Breaking the Limit of Graph Neural Networks by Improving the
Assortativity of Graphs with Local Mixing Patterns
- URL: http://arxiv.org/abs/2106.06586v1
- Date: Fri, 11 Jun 2021 19:18:34 GMT
- Title: Breaking the Limit of Graph Neural Networks by Improving the
Assortativity of Graphs with Local Mixing Patterns
- Authors: Susheel Suresh, Vinith Budde, Jennifer Neville, Pan Li, Jianzhu Ma
- Abstract summary: Graph neural networks (GNNs) have achieved tremendous success on multiple graph-based learning tasks.
We focus on transforming the input graph into a computation graph which contains both proximity and structural information.
We show that adaptively choosing between structure and proximity leads to improved performance under diverse mixing.

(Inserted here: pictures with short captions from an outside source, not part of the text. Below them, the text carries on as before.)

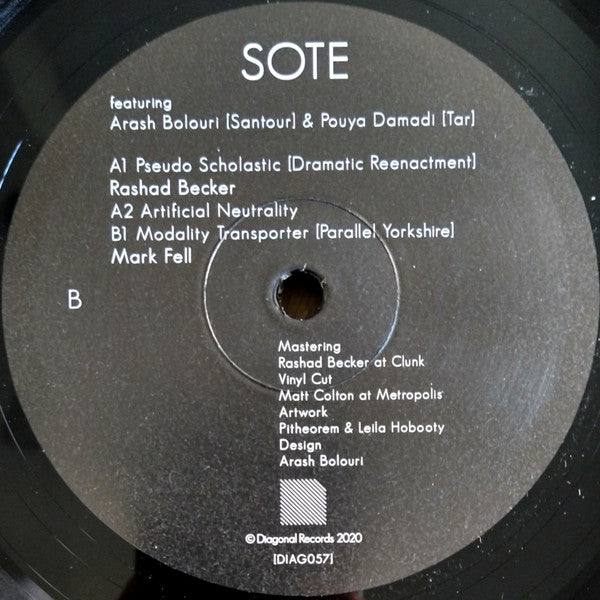 Sote - Parallel Persia Remixes — front sleeve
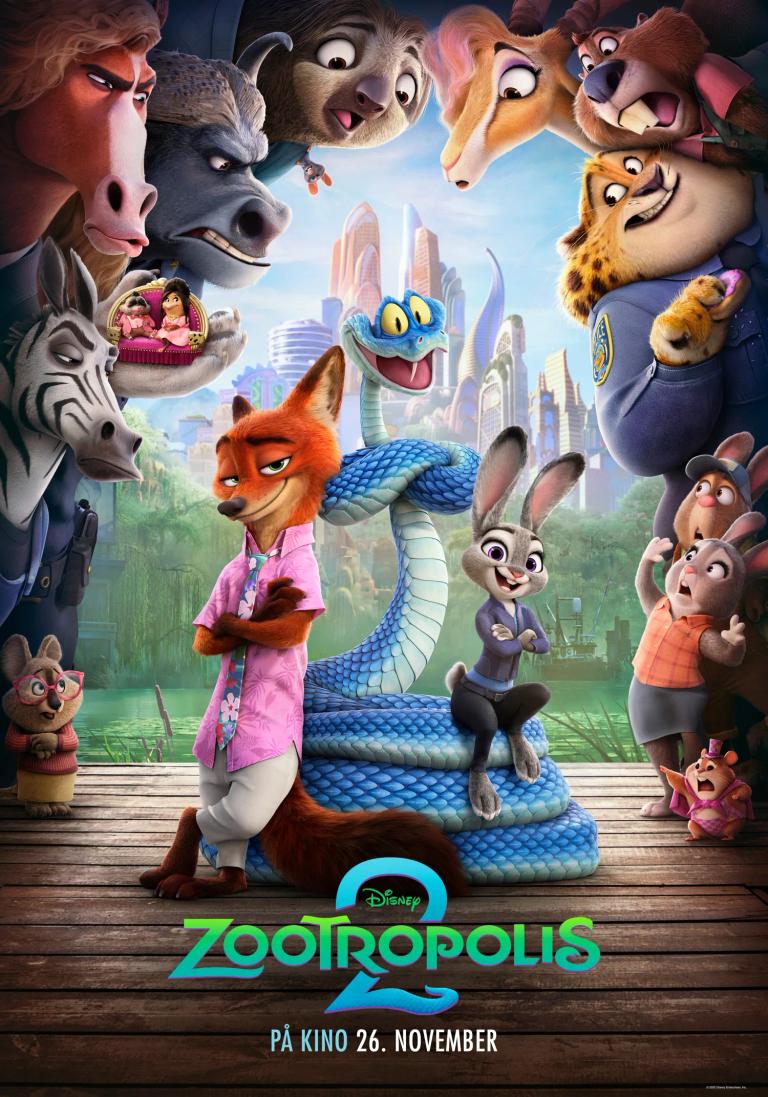 Plakat for 'Zootropolis 2'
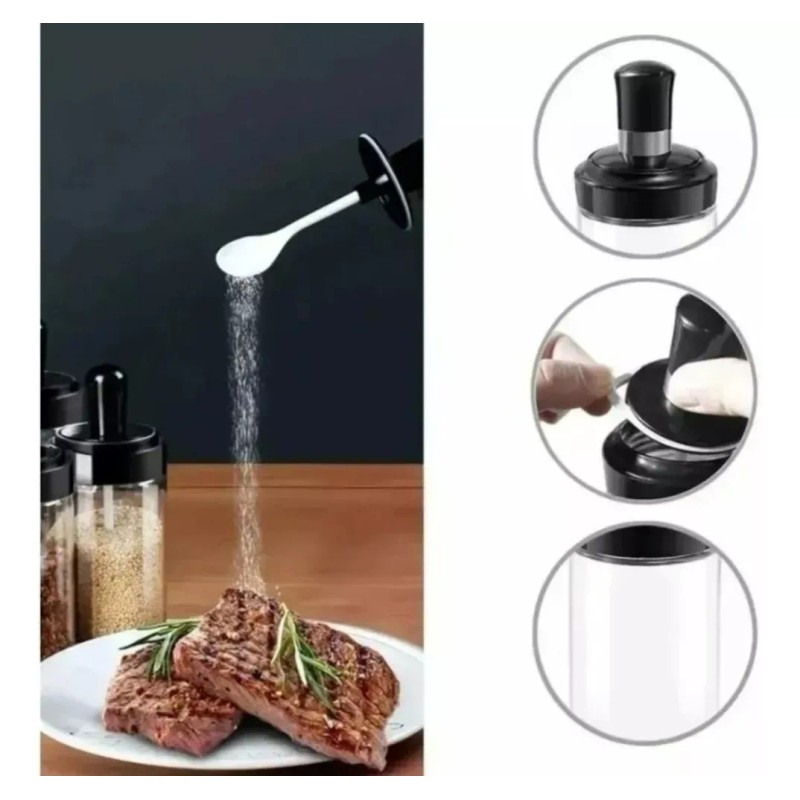 NewWay Dispensador Botella Para Aceite Con 2 Especiero Aceitera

- Score: 19.346133577539394
- License: http://creativecommons.org/licenses/by/4.0/
- Abstract: Graph neural networks (GNNs) have achieved tremendous success on multiple
graph-based learning tasks by fusing network structure and node features.
Modern GNN models are built upon iterative aggregation of neighbor's/proximity
features by message passing. Its prediction performance has been shown to be
strongly bounded by assortative mixing in the graph, a key property wherein
nodes with similar attributes mix/connect with each other. We observe that real
world networks exhibit heterogeneous or diverse mixing patterns and the
conventional global measurement of assortativity, such as global assortativity
coefficient, may not be a representative statistic in quantifying this mixing.
We adopt a generalized concept, node-level assortativity, one that is based at
the node level to better represent the diverse patterns and accurately quantify
the learnability of GNNs. We find that the prediction performance of a wide
range of GNN models is highly correlated with the node level assortativity. To
break this limit, in this work, we focus on transforming the input graph into a
computation graph which contains both proximity and structural information as
distinct type of edges. The resulted multi-relational graph has an enhanced
level of assortativity and, more importantly, preserves rich information from
the original graph. We then propose to run GNNs on this computation graph and
show that adaptively choosing between structure and proximity leads to improved
performance under diverse mixing. Empirically, we show the benefits of adopting
our transformation framework for semi-supervised node classification task on a
variety of real world graph learning benchmarks.